Menuju bandara mengikuti mobil Putri namun tanpa sepengetahuan Putri. Sepanjang
perjalanan Putri selalu teringat kepada Rifai, benda pemberian Rifai sebuah
Boneka ungun wangi strobery menjadi teman terakhirnya sekaligus kenangan dari
Rifai. Tiba akhirnya Putri masuk kedalam pesawat yang akan ia naiki menuju
korea bersama kedua orang tuanya.
“selamat Tinggal
Rifai, selamat tinggal Sayang, selamat tinggal My King.” Ucapan terakhir Putri
yang maksud ditunjukan untuk Rifai, namun Putri hanya menatap kelangit berharap
langit menyampaikan perasaan Cintanya kepada Rifai. “Selamat tinggal Putri,
selamat tinggal sayang, selamat tinggal My Queen.” Rifai pun mengucapkan hal
yang sama kepada Rifai seperti langit yang mendengar doa dari Putri lalu
menyampaikannya dengan baik kepada pangerannya. Rifai tertunduk setelahnya, dia
hanya melihat sebuah pesawat yang lepas landas, pesawat itu lah yang memisahkan
Putri dengan Rifai. “Setidaknya dia sudah Bahagia disana, Bahagia walau bukan
denganku.” Rifai tersenyum sedih menatap pesawat yang menjauh pergi dengan mata
yang berkaca-kaca.
••••
Benak Rifai
langsung menghangat ketika membayangkan Putri. Dia sudah merindukan Putri
ketika mengingat Putri tak akan pernah kembali. Tetapi memang seperti ini lah
pasangan sehat. Saling merindukan. Namun rindu yang Rifai rasakan berbeda, ia
merasa rindunya tak akan pernah terbalas.
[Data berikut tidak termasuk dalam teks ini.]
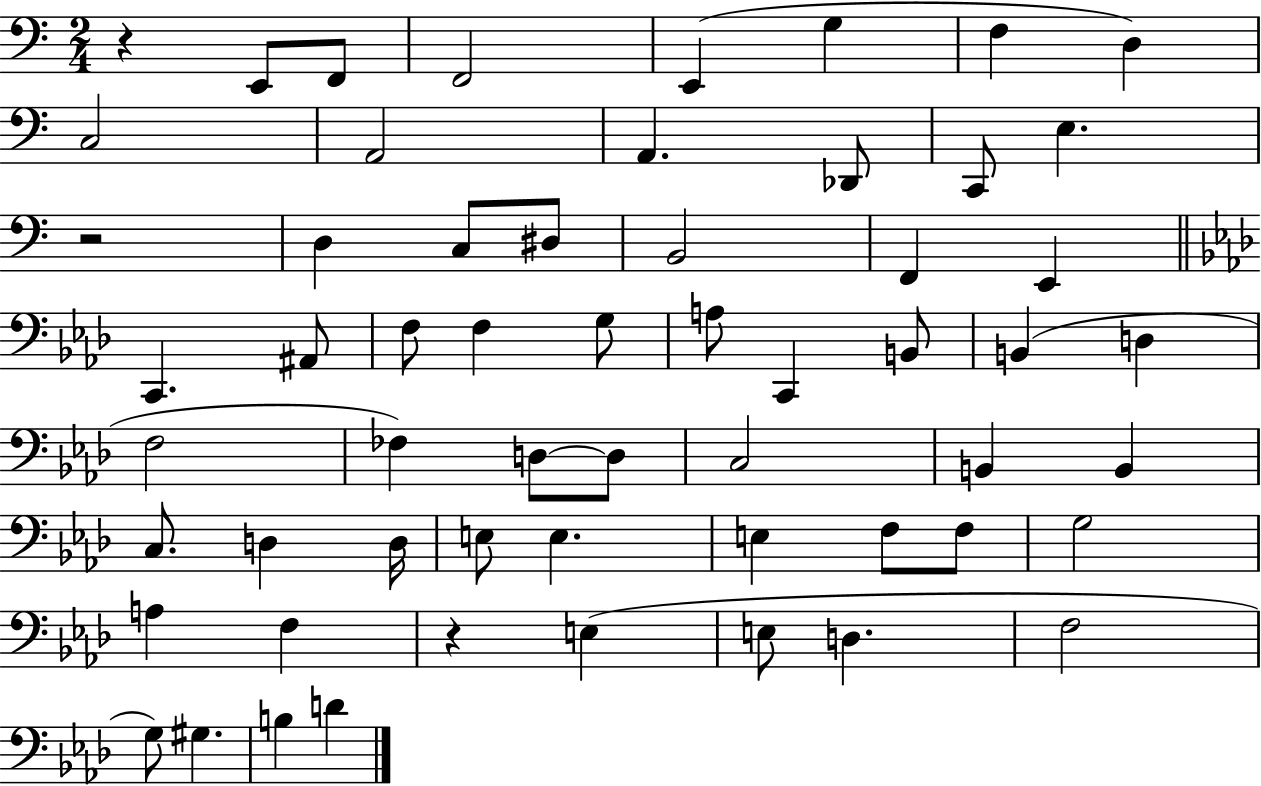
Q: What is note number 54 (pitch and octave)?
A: B3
Rifai tak bisa membuka hati untuk
orang lain, dia masih menyimpan rasa ini untuk Putri. Dia berharap Putri akan
kembali dan memeluknya erat, walau dia tahu mungkin ketika Putri kembali ke
indonesia sudah pasti dengan calon suaminya.
“sob ayok, kita
berangkat?” Deni mengagetkan Rifai yang sedang melamun di sudut kampus
tempatnya menempuh pendidikan bersama Deni. Rifai dan Deni kuliah di satu
universitas yang sama, seluruh biaya perkuliahan Rifai di tanggung semua oleh
keluarga Deni, mengingat Rifai selama ini telah berubah menjadi lebih cerdas
dan selama ini keluarga Deni adalah saudara jauh Dari keluarga Rifai.
“lah elu pikun atau
pura-pura pikun sih? Jelas-jelas sepatu udah lu pake, rompi buat latihan udah
rapi elo pake! Sekarang kan jadwal Futsal.” Deni mengingatkan kesal.
“oh iya, sorry
sorry. Ayok berangkat.” Suara Rifai mulai tegas dan terdengar jelas semangat
yang nampak walau sebelumnya ia sedang memikirkan sesuatu hal yang membuatnya
sedih.
Kini Rifai menyibukkan
diri dengan hal-hal yang membuatnya lupa akan masalalunya. Apakah bisa? Tentu
tidak, dia masih selalu teringat dengannya. Dengan Putri.
Ingatan menyakitkan
itu masih terasa menyakitkan baginya, ketika dia dan kekasihnya harus
dipisahkan secara paksa oleh sebuah perjodohan. Melihat dengan mata kepalanya
sendiri dia melangkah pergi meninggalkannya, namun semua itu bukan karna
kehendak kekasihnya, Putri. Melainkan karena perjodohan yang dibuat oleh
ayahnya.
Malam itu juga
Rifai melangkah sendirian menuju Taman di mana mereka dulu bisa bercanda
bersama dengan sahabat-sahabatnya. Mengingat hal-hal indah bersama, walau ia
tahu ia tak akan bisa memutar waktu untuk kembali. Rifai membayangkan Putri
sedang duduk di sampingnya, menatap matanya penuh cinta sampai tersenyum-senyum
sendiri tak memperdulikan orang lain yang menatap dan menganggapnya gila karena
tersenyum sendiri.
Satu tahun berlalu,
Rifai masih tetap tidak bisa membuka hatinya untuk wanita lain walau ia
mempunyai banyak teman wanita cantik di kampusnya. Dan Rifai mendapati kabar
yang cukup ia inginkan selama ini, bahwa sang Putri telah kembali ke Indonesia.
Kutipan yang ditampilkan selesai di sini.